Both of these behaviours only activate if you have a httpsProtocol directory configured in the serverless offline config, and have put a ca.pem file in it alongside the key.pem and cert.pem files.

Motivation and Context

We use mTLS in our environment with API Gateway and want a way to test this locally.

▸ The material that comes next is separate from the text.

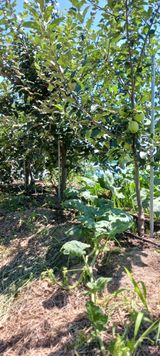 팜모닝 기타작물·영농일지 게시글 이미지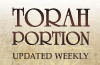 Torah-Portion-banner-100x65_preview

Serverless Offline doesn't currently support mTLS (#1730), so we figured it'd be nice to add support for it so we can use Serverless Offline to more fully emulate our AWS setup.

How Has This Been Tested?

You'll need to create some files to test this

Creating a Certificate Authority (CA)

  1. Create a private key for the Certificate Authority (ca.key):
$ openssl genrsa -out ca.key 4096
  1. Self sign it and generate the certificate to identify the certificate authority to clients (ca.pem):
$ openssl req -x509 -new -nodes \
  -key ca.key \
  -sha256 \
  -days 365 \
  -subj "/C=AU/ST=Tasmania/L=Hobart/O=Some Company/OU=Certificate Services" \
  -out ca.pem

Creating a Certificate for the Server

  1. Generate the private key for the server (key.pem):
$ openssl genrsa -out key.pem 4096
  1. Generate a certificate signing request (CSR) using this key (server.csr):
$ openssl req -new -sha256 \
  -key key.pem \
  -subj "/C=AU/ST=Tasmania/L=Hobart/O=Some Company/OU=Certificate Services" \
  -out server.csr
  1. Sign it as the CA and create the certificate (cert.pem):
$ openssl x509 -req \
  -in server.csr \
  -days 365 -sha256 \
  -CA ca.crt \
  -CAkey ca.key \
  -CAserial ca.srl \
  -CAcreateserial \
  -out cert.pem

Creating a Certificate for the Client

  1. Generate the private key for the client (client.key):
$ openssl genrsa -out client.key 4096
  1. Generate a certificate signing request (CSR) using this key (client.csr):
$ openssl req -new -sha256 \
  -key client.key \
  -subj "/C=AU/ST=New South Wales/L=Barangaroo/O=Exogee/OU=Data Collection Services/CN=exogee.com" \
  -out client.csr
  1. Sign it as the CA and create the certificate (client.pem):
$ openssl x509 -req \
  -in client.csr \
  -days 365 -sha256 \
  -CA ca.crt \
  -CAkey ca.key \
  -CAserial ca.srl \
  -CAcreateserial \
  -out client.crt

Now you should have the following files:

  • ca.key
  • ca.pem
  • ca.srl
  • cert.pem
  • client.key
  • client.pem
  • key.pem

Create a Node JS client passing the ca.pem, client.key and client.pem parameters as follows:

import { Client } from 'undici';

const ca = await fsPromises.readFile('ca.pem');
const cert = await fsPromises.readFile('client.pem');
const key = await fsPromises.readFile('client.key');

const apiClient = new Client('https://localhost:3000', {
	connect: { ca, cert, key },
});

const apiResponse = await apiClient.request({
	path: '/',
	method: 'POST',
	body: JSON.stringify({ test: true }),
});

Screenshots (if appropriate):

This results in the following event being sent to the handler:

{
  "body": "{\"test\":true}",
  // ...
  "requestContext": {
    //...
    "identity": {
      // ...
      "clientCert": {
        "clientCertPem": "-----BEGIN CERTIFICATE-----\n[certificate contents in base64]\n-----END CERTIFICATE-----",
        "issuerDN": "C=AU,ST=Tasmania,L=Hobart,O=Some Company,OU=Certificate Services",
        "serialNumber": "032AA3D423A340C86DA38CE2EEF2114090EFC291",
        "subjectDN": "C=AU,ST=Tasmania,L=Hobart,O=Exogee,OU=Data Collection Services,CN=exogee.com",
        "validity": {
          "notAfter": "Sep  7 04:18:08 2024 GMT",
          "notBefore": "Sep  8 04:18:08 2023 GMT"
        }
      }
    }
  },
}

I've also tested without the ca.pem file in the directory to make sure nothing breaks / changes, and it worked fine for me.